1. Flavia, at Ferule and Fescue. Flavia's was one of the first blogs I stumbled across, and I have been hooked ever since. If I have no time to read anyone else, it's her that I check. Flavia is the mistress of the short post -- a couple of neat paragraphs that can get a serious idea, a funny moment, an ethical problem, or a teaching issue into your head in a way that can make you turn it over all day. She is a sound thinker, and I would say some of my own posts that have captured other people' attention have been the result of Flavia making me think.
2. Sivacracy.net. This is actually a group blog, informed by the Spirit of Siva. Siva and his pals are interested in mass communication, intellectual property, and the various means by which information, ideas, art and culture are passed around the world, regulated, sold and/or restricted. I met Siva years ago when he had just finished a dissertation on copyright (your first response would be, "Uh...copyright?") And our conversation (I was hiring him at the time) convinced me that he is one of those rare intellects that is way ahead of the curve about what is culturally and politically important, the kind of mind that is a great argument for the American Studies Ph.D. as a path to becoming a publicly engaged thinker. And if you read his book, Copyrights and Copywrongs you'll see what I mean. One small gripe: Siva, I am not going to make it through another Stanley Cup season with you. I understand you warned us it would be all Sabres, all the time, but omigod.

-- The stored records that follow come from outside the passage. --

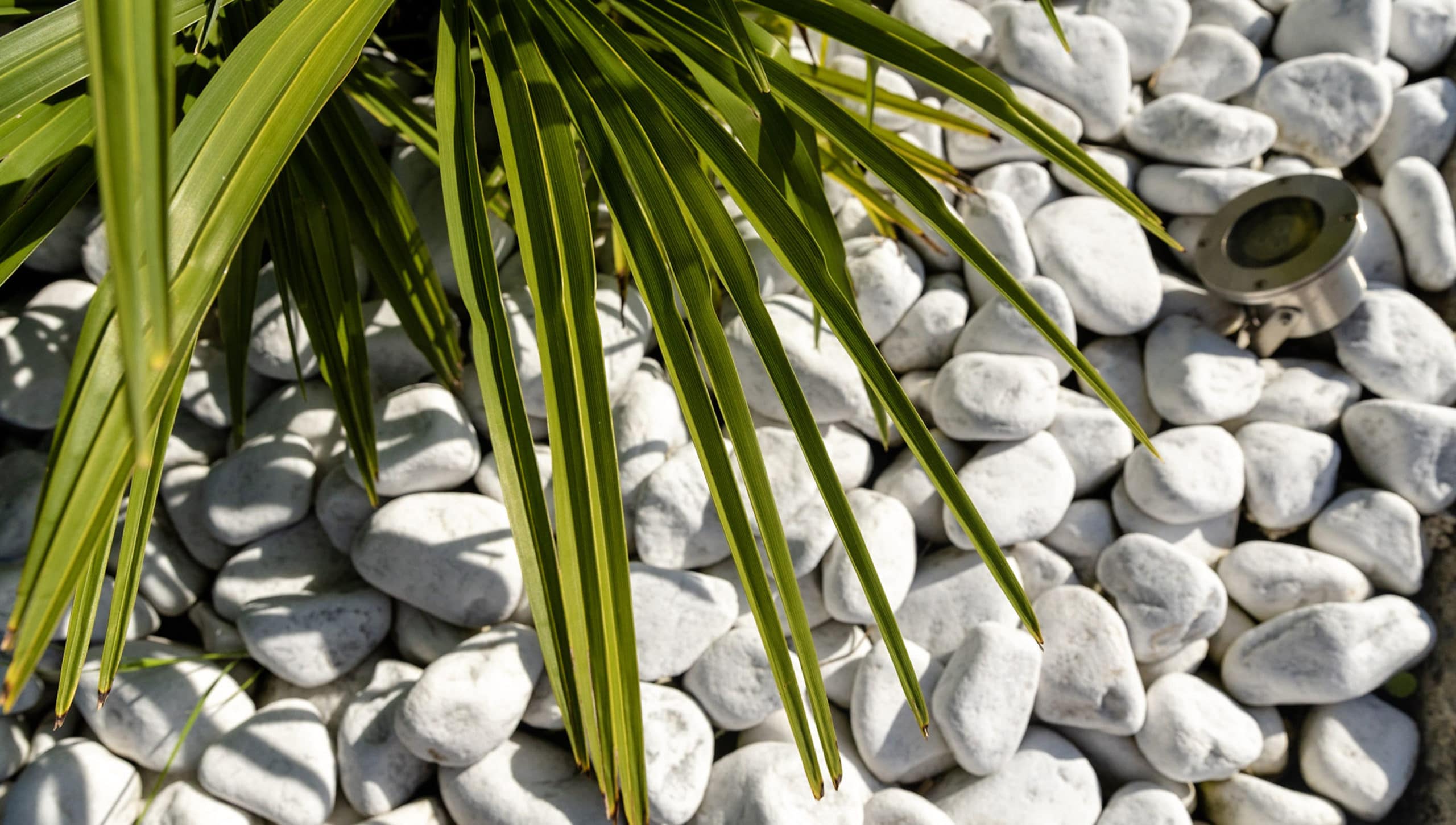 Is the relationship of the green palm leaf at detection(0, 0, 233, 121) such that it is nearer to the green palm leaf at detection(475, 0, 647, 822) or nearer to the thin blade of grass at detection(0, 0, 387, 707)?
the thin blade of grass at detection(0, 0, 387, 707)

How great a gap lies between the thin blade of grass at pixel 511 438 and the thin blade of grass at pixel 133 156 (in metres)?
0.19

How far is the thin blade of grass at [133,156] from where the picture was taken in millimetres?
266

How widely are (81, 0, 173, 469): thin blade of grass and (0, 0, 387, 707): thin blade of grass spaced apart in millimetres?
59

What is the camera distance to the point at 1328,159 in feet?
4.51

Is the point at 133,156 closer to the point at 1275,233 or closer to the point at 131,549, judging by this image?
the point at 131,549

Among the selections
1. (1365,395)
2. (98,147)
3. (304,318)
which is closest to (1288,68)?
(1365,395)

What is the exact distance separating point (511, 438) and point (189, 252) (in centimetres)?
17

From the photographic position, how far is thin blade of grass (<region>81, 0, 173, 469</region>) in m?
0.27

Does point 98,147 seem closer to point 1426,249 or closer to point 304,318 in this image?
point 304,318

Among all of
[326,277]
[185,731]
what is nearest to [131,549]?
[326,277]

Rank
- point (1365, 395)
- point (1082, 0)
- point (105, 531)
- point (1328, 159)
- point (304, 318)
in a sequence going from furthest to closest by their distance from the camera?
1. point (1082, 0)
2. point (1328, 159)
3. point (1365, 395)
4. point (304, 318)
5. point (105, 531)

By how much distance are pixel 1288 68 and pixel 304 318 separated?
53.8 inches

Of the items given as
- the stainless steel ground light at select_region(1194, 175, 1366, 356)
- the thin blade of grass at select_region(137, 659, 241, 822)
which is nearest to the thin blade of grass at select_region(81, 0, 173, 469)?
the thin blade of grass at select_region(137, 659, 241, 822)

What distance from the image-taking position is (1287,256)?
3.83ft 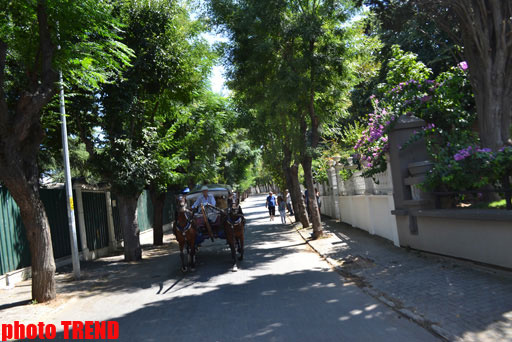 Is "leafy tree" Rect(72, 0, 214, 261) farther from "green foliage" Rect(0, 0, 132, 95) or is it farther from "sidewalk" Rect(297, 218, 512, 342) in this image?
"sidewalk" Rect(297, 218, 512, 342)

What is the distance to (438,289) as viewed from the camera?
645cm

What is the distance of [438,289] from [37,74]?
28.8 feet

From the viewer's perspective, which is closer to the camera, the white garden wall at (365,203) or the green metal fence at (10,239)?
the green metal fence at (10,239)

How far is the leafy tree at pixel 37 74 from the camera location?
7.43 meters

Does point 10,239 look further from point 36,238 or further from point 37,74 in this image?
point 37,74

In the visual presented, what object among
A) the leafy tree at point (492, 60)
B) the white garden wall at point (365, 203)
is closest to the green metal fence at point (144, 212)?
the white garden wall at point (365, 203)

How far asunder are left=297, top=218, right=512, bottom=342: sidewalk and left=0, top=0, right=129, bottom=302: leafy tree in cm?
653

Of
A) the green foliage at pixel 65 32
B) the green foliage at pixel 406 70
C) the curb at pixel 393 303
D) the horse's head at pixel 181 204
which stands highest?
the green foliage at pixel 65 32

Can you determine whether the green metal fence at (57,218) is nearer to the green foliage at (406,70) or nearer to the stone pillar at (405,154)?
the stone pillar at (405,154)

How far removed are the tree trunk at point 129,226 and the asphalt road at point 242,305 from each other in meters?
1.52

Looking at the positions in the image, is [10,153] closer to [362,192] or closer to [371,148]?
[371,148]

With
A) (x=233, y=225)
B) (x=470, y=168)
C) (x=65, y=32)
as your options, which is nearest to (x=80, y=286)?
(x=233, y=225)

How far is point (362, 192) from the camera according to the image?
49.6 ft

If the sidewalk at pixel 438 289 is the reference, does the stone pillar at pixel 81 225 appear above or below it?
above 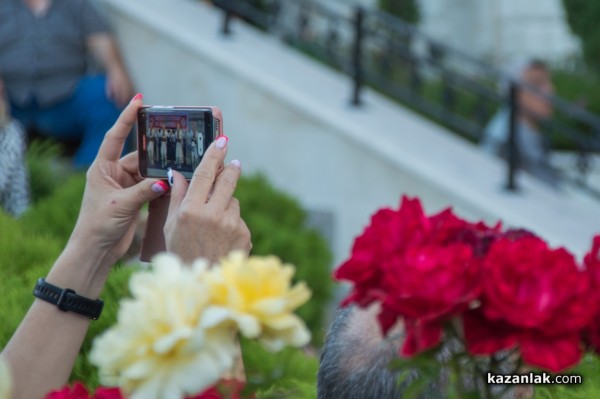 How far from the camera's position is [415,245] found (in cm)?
121

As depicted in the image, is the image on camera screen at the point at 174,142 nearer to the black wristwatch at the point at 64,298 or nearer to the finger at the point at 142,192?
the finger at the point at 142,192

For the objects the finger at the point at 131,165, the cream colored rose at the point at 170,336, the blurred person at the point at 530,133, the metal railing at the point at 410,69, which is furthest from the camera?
the blurred person at the point at 530,133

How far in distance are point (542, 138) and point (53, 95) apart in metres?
3.48

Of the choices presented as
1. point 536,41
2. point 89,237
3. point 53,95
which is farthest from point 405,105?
point 89,237

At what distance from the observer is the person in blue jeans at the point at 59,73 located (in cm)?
640

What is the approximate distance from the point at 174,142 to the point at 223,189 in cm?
31

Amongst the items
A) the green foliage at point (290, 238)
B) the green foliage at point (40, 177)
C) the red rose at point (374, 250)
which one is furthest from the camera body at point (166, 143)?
the green foliage at point (40, 177)

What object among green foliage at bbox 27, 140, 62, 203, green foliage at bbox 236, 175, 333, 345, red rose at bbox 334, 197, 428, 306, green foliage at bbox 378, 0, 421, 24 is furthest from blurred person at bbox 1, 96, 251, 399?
green foliage at bbox 378, 0, 421, 24

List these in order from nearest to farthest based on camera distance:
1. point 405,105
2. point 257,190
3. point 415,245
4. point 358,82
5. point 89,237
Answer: point 415,245
point 89,237
point 257,190
point 358,82
point 405,105

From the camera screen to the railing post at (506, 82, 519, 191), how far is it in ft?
15.9

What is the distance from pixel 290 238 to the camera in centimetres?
526

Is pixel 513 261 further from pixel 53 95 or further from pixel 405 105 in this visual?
pixel 405 105

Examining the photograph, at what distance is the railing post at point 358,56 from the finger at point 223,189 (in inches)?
209

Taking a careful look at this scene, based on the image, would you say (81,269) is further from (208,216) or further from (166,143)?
(208,216)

3. Gayprof, at Center of Gravitas who, even if campy, incisive critique of the academy, the world, and broken relationships is not your style, will never bore you because of the endless number of Wonder Woman covers he uses to illustrate his posts. Gayprof's adventures this year have included time away from his job, which has allowed him to get away from Liar Ex (Who Told Many Lies) and acquire a new job that will allow him to really start over -- perhaps not entirely away from homophobia and racism, but certainly away from the Super-Sized Texas variety that makes you think of Paul Newman eating eggs under the watchful gaze of Lee Marvin. Gayprof is among the people who I would like to have living next door, mostly because I know that if I were to gasp weakly, "You wouldn't treat me like this if I weren't crippled!" he would pause uncertainly, then smile brightly and cackle: "But 'cha *are*!" If you don't know what this refers to, start reading Gayprof before it's too late.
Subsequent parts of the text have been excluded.